== Record extracts ==
--- START ---
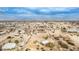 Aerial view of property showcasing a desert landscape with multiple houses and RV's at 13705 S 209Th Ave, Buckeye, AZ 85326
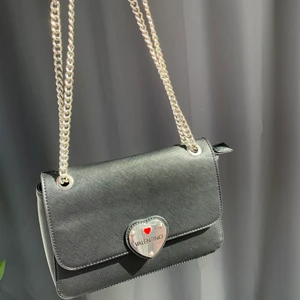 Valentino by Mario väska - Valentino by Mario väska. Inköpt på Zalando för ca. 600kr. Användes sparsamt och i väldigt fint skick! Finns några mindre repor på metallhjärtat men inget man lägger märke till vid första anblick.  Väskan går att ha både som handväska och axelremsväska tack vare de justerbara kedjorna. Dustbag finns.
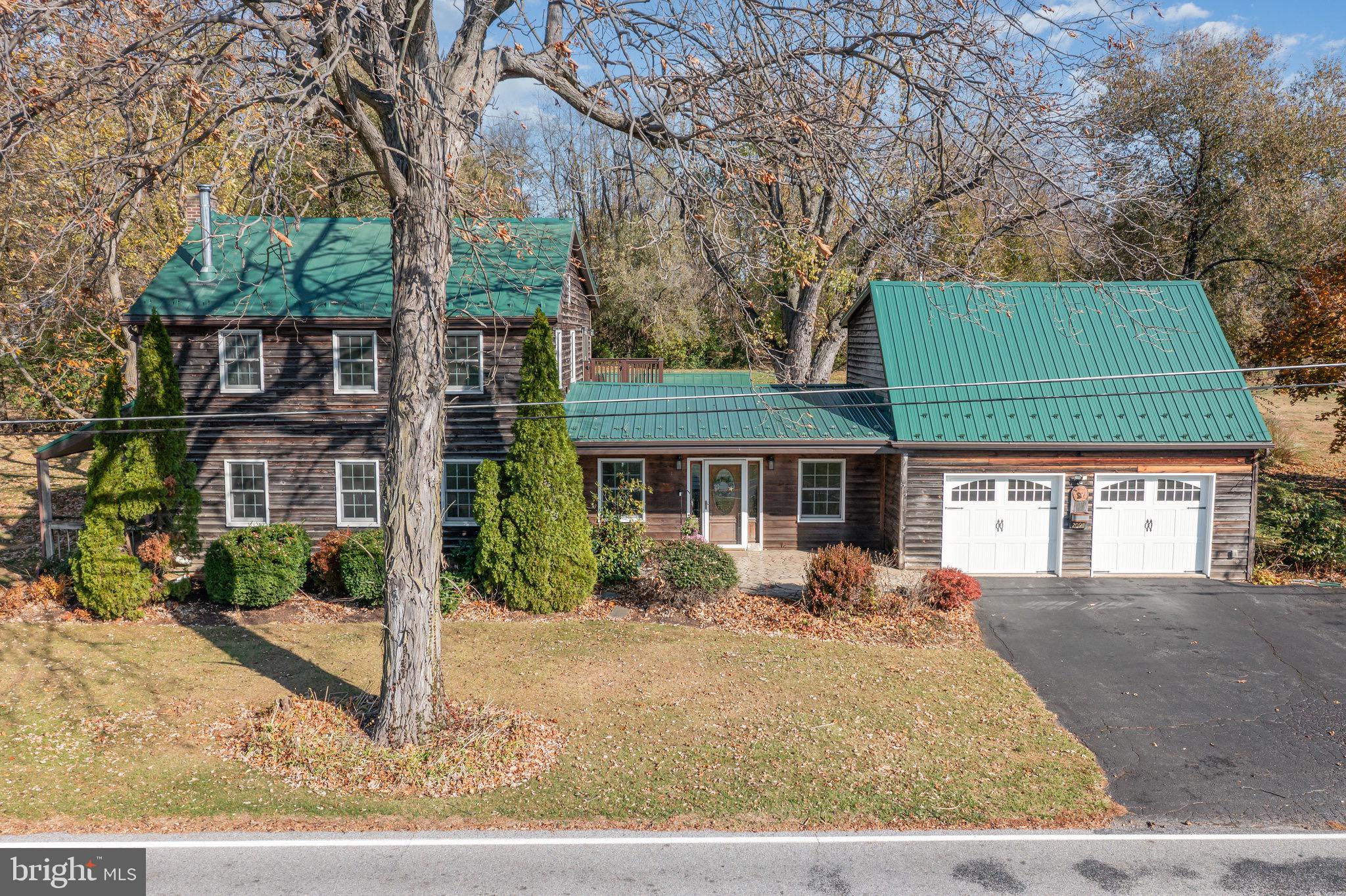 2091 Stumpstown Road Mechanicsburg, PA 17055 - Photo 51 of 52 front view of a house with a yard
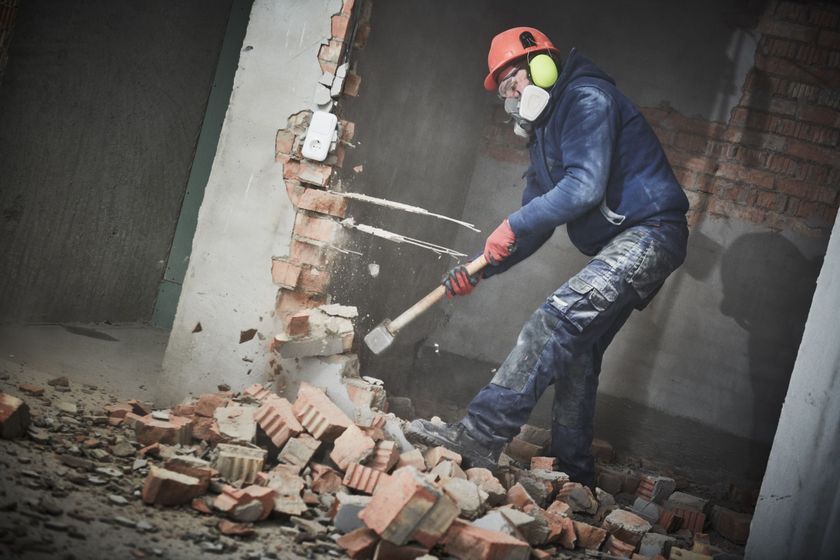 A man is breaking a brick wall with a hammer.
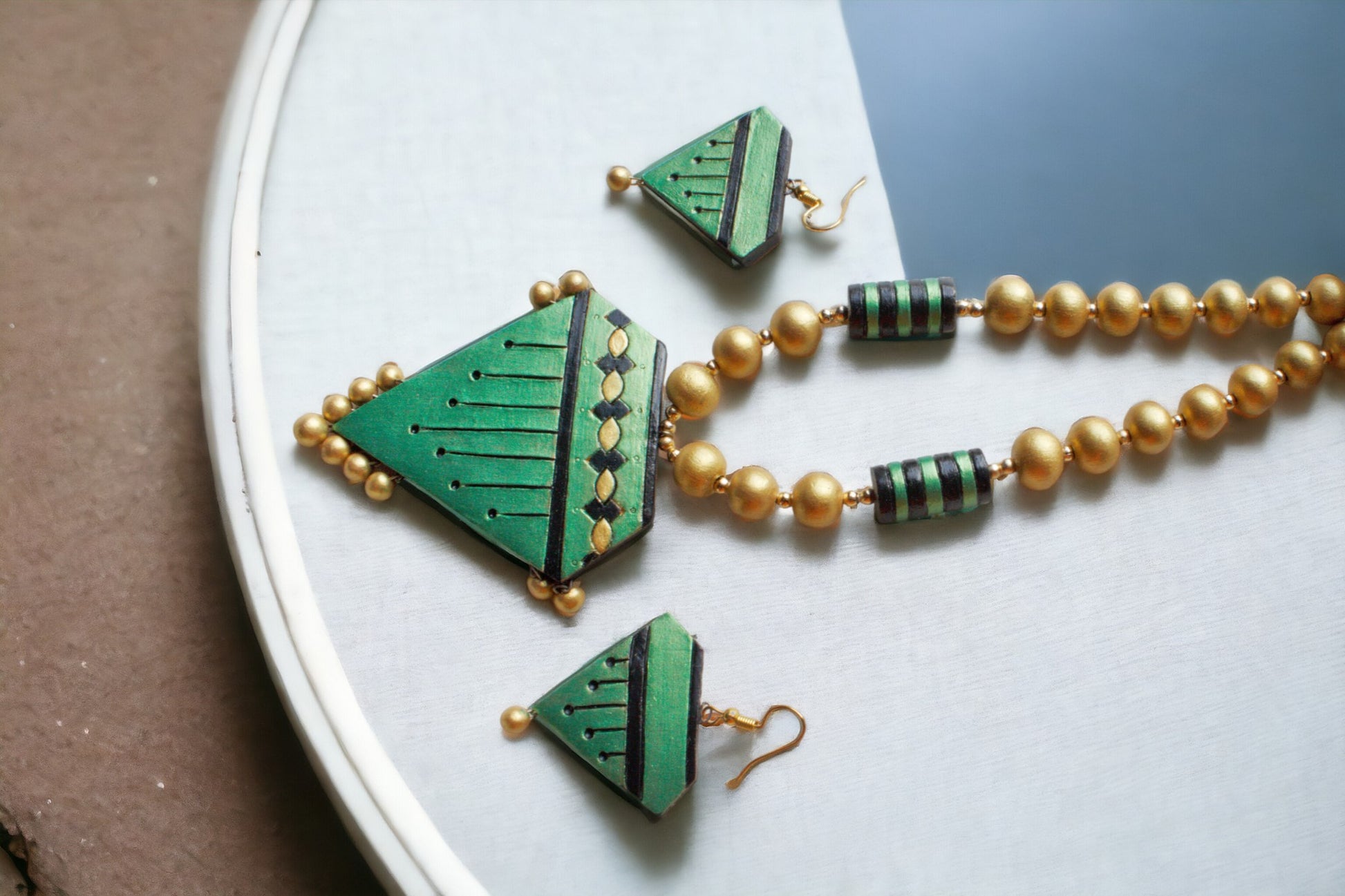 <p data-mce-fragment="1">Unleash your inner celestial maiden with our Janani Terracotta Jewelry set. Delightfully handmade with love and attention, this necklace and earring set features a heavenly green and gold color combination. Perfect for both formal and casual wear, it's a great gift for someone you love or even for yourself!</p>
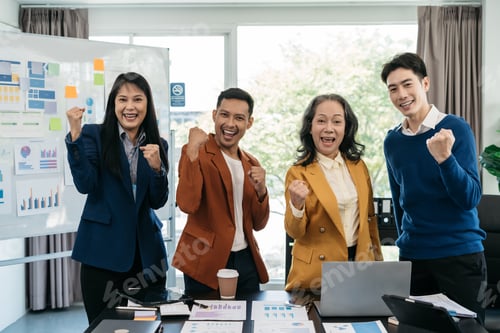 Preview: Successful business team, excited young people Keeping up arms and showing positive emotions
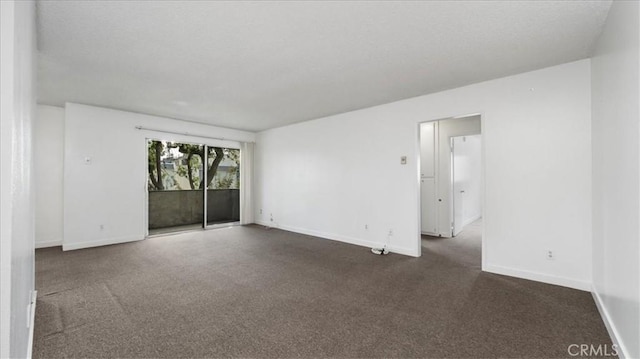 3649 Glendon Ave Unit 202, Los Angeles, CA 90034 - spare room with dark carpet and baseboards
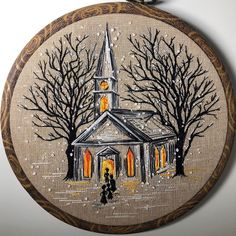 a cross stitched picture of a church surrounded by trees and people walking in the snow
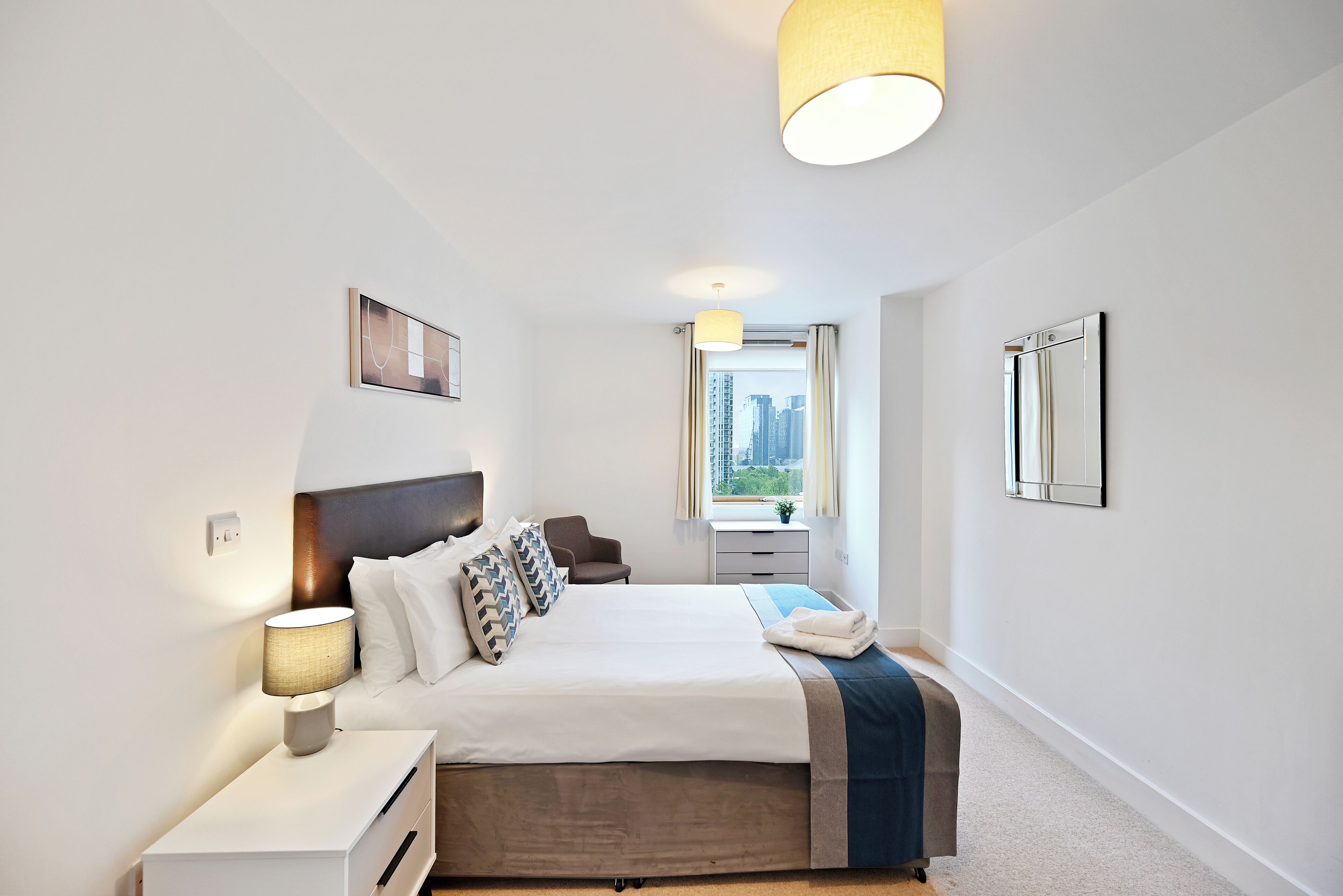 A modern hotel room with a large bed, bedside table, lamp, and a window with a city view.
--- END ---
== What this task involves ==
The whole listing should be transcribed exactly, though its pictures must be left out.

== Result for this task ==
 Aerial view of property showcasing a desert landscape with multiple houses and RV's at 13705 S 209Th Ave, Buckeye, AZ 85326
 Valentino by Mario väska - Valentino by Mario väska. Inköpt på Zalando för ca. 600kr. Användes sparsamt och i väldigt fint skick! Finns några mindre repor på metallhjärtat men inget man lägger märke till vid första anblick.  Väskan går att ha både som handväska och axelremsväska tack vare de justerbara kedjorna. Dustbag finns.
 2091 Stumpstown Road Mechanicsburg, PA 17055 - Photo 51 of 52 front view of a house with a yard
 A man is breaking a brick wall with a hammer.
 <p data-mce-fragment="1">Unleash your inner celestial maiden with our Janani Terracotta Jewelry set. Delightfully handmade with love and attention, this necklace and earring set features a heavenly green and gold color combination. Perfect for both formal and casual wear, it's a great gift for someone you love or even for yourself!</p>
 Preview: Successful business team, excited young people Keeping up arms and showing positive emotions
 3649 Glendon Ave Unit 202, Los Angeles, CA 90034 - spare room with dark carpet and baseboards
 a cross stitched picture of a church surrounded by trees and people walking in the snow
 A modern hotel room with a large bed, bedside table, lamp, and a window with a city view.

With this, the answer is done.